Data shown.
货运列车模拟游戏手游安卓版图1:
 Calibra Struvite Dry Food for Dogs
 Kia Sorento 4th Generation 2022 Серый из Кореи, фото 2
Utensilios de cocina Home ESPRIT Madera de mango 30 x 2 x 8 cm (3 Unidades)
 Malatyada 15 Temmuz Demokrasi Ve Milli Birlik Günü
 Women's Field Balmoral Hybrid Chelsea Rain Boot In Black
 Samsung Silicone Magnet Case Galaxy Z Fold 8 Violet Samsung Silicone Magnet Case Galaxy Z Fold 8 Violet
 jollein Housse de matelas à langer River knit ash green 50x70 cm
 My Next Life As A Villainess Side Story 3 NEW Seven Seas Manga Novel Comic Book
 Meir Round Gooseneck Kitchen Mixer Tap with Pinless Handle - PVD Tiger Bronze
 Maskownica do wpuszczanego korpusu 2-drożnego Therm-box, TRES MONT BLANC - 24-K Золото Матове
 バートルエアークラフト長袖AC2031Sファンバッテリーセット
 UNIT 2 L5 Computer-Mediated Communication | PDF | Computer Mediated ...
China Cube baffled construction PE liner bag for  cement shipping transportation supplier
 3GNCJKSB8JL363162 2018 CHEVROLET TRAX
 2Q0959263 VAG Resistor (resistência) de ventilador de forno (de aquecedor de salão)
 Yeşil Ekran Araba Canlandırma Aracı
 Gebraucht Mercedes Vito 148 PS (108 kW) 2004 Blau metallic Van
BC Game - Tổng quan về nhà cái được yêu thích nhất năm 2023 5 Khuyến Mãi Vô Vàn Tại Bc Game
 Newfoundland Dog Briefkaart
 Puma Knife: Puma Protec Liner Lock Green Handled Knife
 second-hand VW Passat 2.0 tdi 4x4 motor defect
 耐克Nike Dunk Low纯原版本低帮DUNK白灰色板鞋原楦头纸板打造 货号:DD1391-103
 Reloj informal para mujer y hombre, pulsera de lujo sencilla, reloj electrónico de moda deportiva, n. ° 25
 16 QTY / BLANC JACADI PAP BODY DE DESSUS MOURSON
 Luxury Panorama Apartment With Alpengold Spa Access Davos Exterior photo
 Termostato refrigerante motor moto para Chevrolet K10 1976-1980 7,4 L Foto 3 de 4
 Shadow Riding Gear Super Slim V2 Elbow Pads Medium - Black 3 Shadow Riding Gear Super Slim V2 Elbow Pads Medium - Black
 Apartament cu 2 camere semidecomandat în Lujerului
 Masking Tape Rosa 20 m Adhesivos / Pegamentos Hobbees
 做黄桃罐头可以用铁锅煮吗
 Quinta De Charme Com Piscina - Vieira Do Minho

Work item.
Within the entries above, work out how many lines contain the word "Black". The number alone is the answer.

Solution to this exercise.
2